Start of STORED DATA

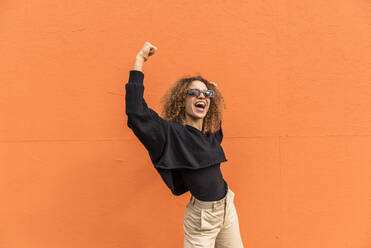Fröhliche Frau mit erhobenen Armen an einer orangefarbenen Wand stehend - MEF00036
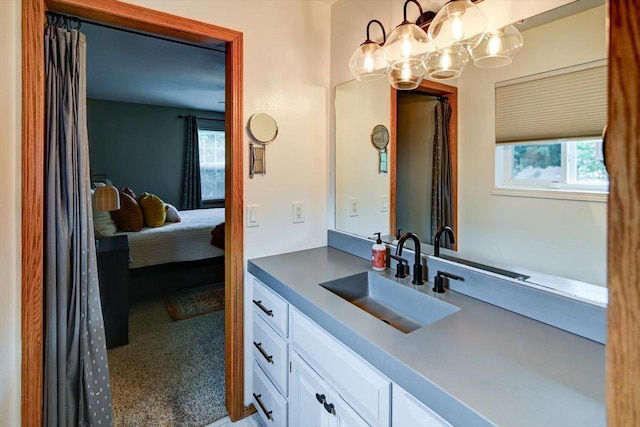5438 Park Meadow Dr, Madison, WI 53704 - ensuite bathroom featuring vanity and a chandelier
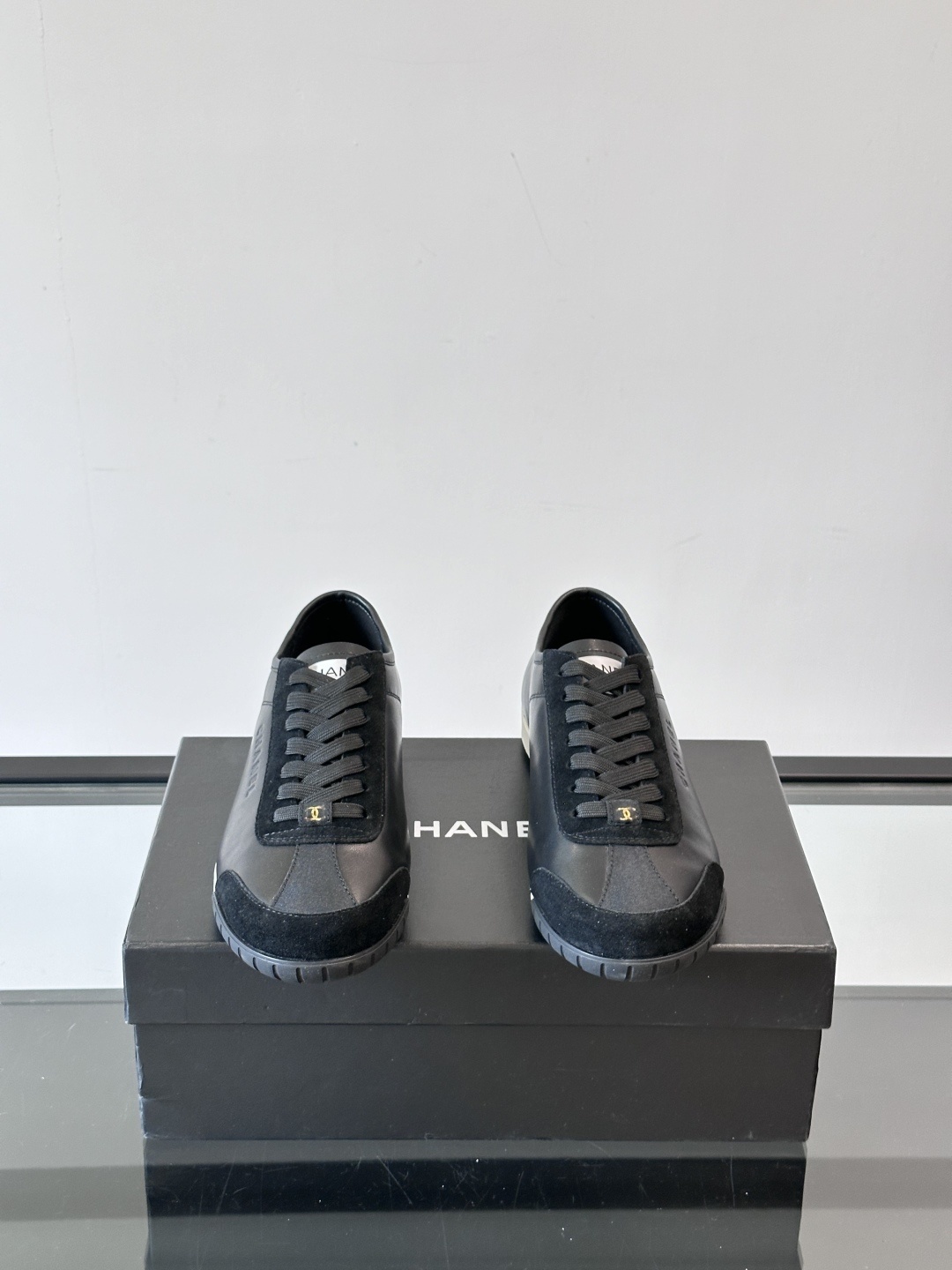 Chanel Luxury Black Leather and Suede Low-Top Sneakers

End of STORED DATA

TRY IT:
With the pictures removed, repeat the listing above exactly as it stands.

OUTPUT BELOW:
Fröhliche Frau mit erhobenen Armen an einer orangefarbenen Wand stehend - MEF00036
5438 Park Meadow Dr, Madison, WI 53704 - ensuite bathroom featuring vanity and a chandelier
 Chanel Luxury Black Leather and Suede Low-Top Sneakers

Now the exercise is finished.